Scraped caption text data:
****************

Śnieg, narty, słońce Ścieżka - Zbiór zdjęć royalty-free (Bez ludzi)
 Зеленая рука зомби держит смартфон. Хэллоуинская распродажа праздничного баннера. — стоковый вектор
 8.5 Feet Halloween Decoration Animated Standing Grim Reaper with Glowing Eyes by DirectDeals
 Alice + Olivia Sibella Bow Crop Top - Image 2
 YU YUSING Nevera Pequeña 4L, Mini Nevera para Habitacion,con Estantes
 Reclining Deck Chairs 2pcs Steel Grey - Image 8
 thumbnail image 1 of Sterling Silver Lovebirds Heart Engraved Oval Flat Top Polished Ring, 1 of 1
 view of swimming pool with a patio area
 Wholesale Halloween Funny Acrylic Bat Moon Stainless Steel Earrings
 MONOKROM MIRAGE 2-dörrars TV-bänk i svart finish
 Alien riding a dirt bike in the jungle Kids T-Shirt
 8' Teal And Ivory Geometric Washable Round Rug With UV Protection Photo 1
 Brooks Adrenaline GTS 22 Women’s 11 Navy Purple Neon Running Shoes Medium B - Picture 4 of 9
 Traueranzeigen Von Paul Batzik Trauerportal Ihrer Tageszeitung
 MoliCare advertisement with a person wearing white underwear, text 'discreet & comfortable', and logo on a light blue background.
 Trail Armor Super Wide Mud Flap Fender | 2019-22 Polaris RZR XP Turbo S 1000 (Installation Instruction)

****************

Work required = Go over the entries above and say how many lines hold the string "Steel", with no other text.

Completed exercise = 2